That combination of traditional music and the backing track for exciting, potential futures gives tracks like ‘Moon Two’ and ‘Tangerines’ a sheen of inquisitiveness and quiet euphoria, while ‘Modularity’ and ‘Roane’ have an anxious, sci-fi noir charm. Elsewhere, the skewed voices of the meditative ‘Cernubicua’ add a calming, human note to the album, even if deciphering any specific lyrical content is largely impossible. “That's completely intentional,” says Carter. “Sleazy and I had worked together on ways of developing a sort of artificial singing using software and hardware. This was me trying to take it a step further. I've taken lyrics, my own voice or people's voices from a collection that I'd put together with Sleazy, and I’ve chopped them up and done all sorts of weird things with them.”
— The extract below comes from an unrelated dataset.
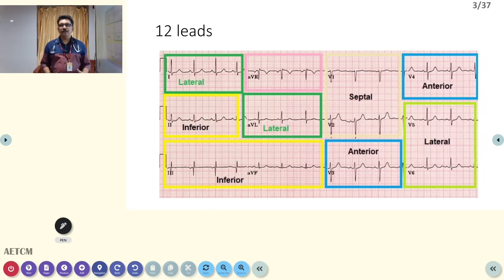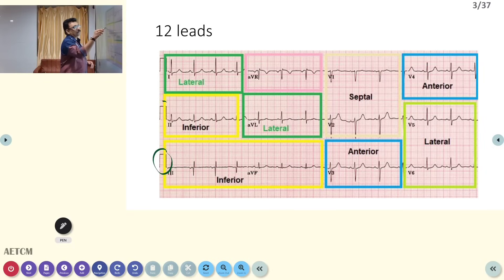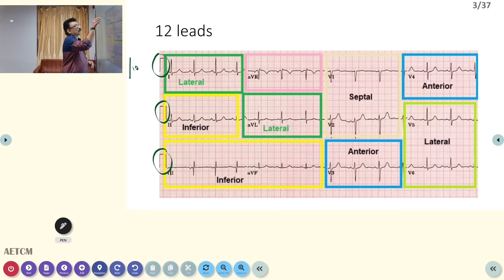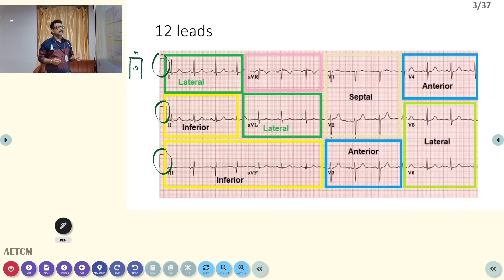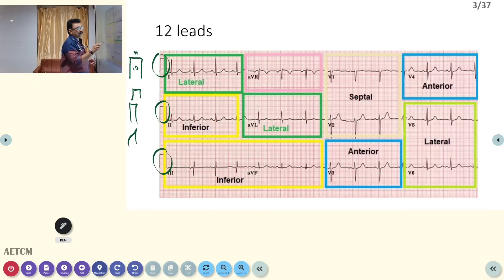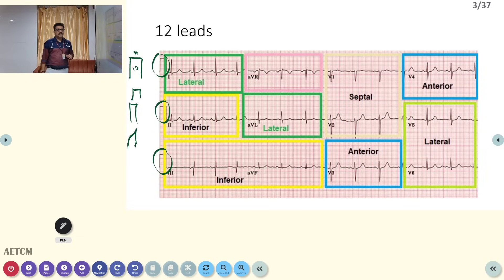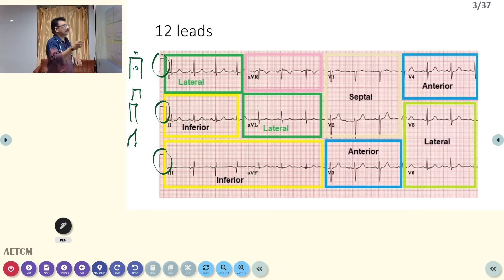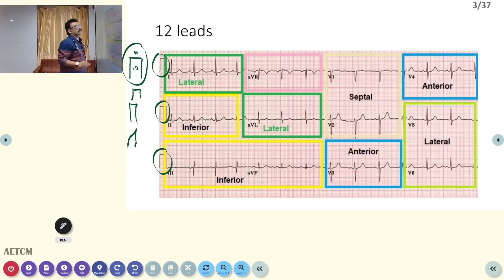When you take a 12-lead ECG, first check the standardization. The height of the standardization block will be 10 small squares, and the width will be 5 small squares. If the standardization is smaller or larger, or the format is distorted, you can have problems. Standardization is the most important thing to check in an ECG — normal standardization height is 10 small squares and width is 5 small squares.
Carter began the foundation work for what became CCCL Volume 1 in the years before Sleazy passed away in 2010, and the death of Carter’s fellow TG journeyman had a profound effect on the development of the album. “I’d been accumulating a lot of material, just tracks and elements of tracks, and I was going to start putting it together just before Sleazy died,” he says. “That’s what completely threw me, and that’s partly why it’s taken so long, because of dealing with the shock of that.” Carter describes going through a long grieving process which manifested itself in some of the darker, more introspective tracks appearing on the album.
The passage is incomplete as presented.